→ Your task
Begin at the line containing "I'm sorry for" in the data below and go on through the line containing "During FNAB, a", repeating each line exactly; include both ends and no other line.

→ Supplied data
################
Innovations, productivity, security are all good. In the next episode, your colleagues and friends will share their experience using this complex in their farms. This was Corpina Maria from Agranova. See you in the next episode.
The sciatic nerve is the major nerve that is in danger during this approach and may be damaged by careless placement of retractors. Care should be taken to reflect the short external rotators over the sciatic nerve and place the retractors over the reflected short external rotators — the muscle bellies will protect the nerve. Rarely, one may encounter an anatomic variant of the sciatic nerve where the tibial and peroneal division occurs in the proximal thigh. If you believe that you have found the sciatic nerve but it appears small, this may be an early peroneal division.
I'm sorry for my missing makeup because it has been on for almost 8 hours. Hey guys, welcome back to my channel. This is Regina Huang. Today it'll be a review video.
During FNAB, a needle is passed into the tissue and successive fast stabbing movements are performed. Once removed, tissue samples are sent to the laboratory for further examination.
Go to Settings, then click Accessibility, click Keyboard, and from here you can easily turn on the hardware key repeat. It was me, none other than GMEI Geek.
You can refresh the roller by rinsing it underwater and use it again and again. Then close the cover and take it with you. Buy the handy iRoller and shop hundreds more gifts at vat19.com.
################
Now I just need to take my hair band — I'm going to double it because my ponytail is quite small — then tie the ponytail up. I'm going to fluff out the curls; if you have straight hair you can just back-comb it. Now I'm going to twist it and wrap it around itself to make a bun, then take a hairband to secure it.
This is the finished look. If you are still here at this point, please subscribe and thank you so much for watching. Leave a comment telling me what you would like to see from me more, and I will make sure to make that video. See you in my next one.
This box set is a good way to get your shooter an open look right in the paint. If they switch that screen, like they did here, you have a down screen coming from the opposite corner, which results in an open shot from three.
################
→ Answer section
I'm sorry for my missing makeup because it has been on for almost 8 hours. Hey guys, welcome back to my channel. This is Regina Huang. Today it'll be a review video.
During FNAB, a needle is passed into the tissue and successive fast stabbing movements are performed. Once removed, tissue samples are sent to the laboratory for further examination.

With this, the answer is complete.